##### Provided records #####

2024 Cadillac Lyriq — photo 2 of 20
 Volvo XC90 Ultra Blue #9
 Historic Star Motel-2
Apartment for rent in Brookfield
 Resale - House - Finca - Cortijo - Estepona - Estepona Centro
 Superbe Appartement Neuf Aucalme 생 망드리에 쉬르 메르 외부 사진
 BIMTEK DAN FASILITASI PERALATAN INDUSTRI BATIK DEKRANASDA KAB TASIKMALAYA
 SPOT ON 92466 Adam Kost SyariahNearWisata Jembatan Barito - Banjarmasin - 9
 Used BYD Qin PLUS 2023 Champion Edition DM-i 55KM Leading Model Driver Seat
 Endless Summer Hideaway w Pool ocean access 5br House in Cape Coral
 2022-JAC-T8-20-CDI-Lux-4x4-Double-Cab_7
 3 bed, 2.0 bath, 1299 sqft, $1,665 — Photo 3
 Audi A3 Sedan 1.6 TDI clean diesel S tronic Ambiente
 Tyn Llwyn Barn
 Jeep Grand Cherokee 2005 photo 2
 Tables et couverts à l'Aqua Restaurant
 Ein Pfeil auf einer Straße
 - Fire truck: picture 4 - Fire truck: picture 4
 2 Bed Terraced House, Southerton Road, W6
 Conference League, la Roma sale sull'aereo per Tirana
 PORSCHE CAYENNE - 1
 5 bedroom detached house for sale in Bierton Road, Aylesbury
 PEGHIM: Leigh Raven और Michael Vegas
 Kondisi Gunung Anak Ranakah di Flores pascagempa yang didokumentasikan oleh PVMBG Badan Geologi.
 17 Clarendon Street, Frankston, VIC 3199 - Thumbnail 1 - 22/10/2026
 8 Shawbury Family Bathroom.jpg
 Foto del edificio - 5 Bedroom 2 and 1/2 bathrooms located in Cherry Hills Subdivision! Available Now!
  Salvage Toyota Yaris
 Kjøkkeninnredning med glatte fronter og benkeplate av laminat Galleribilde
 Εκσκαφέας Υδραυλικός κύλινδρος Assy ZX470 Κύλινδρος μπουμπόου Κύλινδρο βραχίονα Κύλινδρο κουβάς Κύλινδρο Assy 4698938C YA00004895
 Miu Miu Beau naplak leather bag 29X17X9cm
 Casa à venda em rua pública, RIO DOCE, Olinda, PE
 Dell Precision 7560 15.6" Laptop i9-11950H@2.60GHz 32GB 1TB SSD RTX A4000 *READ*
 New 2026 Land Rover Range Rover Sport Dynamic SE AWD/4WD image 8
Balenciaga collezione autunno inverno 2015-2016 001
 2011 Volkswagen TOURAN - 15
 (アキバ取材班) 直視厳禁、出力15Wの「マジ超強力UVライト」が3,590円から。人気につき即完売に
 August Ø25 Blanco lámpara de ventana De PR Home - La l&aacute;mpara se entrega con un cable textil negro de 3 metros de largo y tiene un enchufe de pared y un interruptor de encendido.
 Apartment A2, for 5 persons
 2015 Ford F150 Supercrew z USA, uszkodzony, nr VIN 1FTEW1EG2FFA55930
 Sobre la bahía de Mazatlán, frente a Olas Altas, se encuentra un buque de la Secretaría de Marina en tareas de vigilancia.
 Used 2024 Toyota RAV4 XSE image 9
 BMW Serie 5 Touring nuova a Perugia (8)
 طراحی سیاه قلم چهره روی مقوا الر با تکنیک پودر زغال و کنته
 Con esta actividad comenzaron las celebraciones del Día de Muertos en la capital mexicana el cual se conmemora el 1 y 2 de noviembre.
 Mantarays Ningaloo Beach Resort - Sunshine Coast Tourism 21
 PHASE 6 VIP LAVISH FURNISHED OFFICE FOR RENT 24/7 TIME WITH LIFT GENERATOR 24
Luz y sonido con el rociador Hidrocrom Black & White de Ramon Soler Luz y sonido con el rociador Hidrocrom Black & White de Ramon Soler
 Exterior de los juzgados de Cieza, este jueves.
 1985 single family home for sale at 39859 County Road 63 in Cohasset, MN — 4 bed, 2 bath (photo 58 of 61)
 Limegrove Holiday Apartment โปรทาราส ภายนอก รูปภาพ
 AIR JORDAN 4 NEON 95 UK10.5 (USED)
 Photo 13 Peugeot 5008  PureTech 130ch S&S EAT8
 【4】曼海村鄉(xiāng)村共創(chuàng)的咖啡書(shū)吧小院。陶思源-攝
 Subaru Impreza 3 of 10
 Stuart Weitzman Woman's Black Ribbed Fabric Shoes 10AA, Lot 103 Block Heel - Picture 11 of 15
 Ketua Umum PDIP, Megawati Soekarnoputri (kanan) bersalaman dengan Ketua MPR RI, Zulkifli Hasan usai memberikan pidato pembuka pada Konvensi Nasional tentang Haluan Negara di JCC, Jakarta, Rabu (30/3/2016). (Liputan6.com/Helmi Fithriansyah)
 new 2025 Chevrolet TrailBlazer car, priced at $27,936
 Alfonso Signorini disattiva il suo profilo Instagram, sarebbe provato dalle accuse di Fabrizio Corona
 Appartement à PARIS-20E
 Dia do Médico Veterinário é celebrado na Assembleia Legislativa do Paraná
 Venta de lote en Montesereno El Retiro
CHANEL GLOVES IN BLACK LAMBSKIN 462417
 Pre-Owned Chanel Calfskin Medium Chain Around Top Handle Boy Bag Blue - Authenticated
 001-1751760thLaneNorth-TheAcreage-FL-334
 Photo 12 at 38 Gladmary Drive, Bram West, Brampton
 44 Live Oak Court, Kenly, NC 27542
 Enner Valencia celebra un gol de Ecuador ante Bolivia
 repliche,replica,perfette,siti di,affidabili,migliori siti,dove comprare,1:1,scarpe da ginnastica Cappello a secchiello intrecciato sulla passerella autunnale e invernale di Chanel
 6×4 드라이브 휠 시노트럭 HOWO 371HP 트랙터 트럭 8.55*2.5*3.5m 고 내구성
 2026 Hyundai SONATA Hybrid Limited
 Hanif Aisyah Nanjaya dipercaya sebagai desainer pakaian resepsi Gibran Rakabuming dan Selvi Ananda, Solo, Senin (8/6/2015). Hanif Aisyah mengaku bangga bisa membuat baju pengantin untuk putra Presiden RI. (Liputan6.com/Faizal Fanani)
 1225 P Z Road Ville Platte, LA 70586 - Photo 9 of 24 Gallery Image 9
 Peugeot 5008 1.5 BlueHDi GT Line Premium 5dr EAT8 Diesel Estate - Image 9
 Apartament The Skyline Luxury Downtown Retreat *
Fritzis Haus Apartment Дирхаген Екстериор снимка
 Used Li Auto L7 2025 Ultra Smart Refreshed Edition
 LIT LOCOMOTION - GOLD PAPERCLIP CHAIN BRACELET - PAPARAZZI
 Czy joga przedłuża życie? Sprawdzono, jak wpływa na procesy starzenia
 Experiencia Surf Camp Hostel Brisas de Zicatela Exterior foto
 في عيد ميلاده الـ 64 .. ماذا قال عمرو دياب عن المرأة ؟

#####

(Required work): If the string "Ultra" is in a line of the entries, pick that line out.

(Solved exercise):
 Volvo XC90 Ultra Blue #9
 Used Li Auto L7 2025 Ultra Smart Refreshed Edition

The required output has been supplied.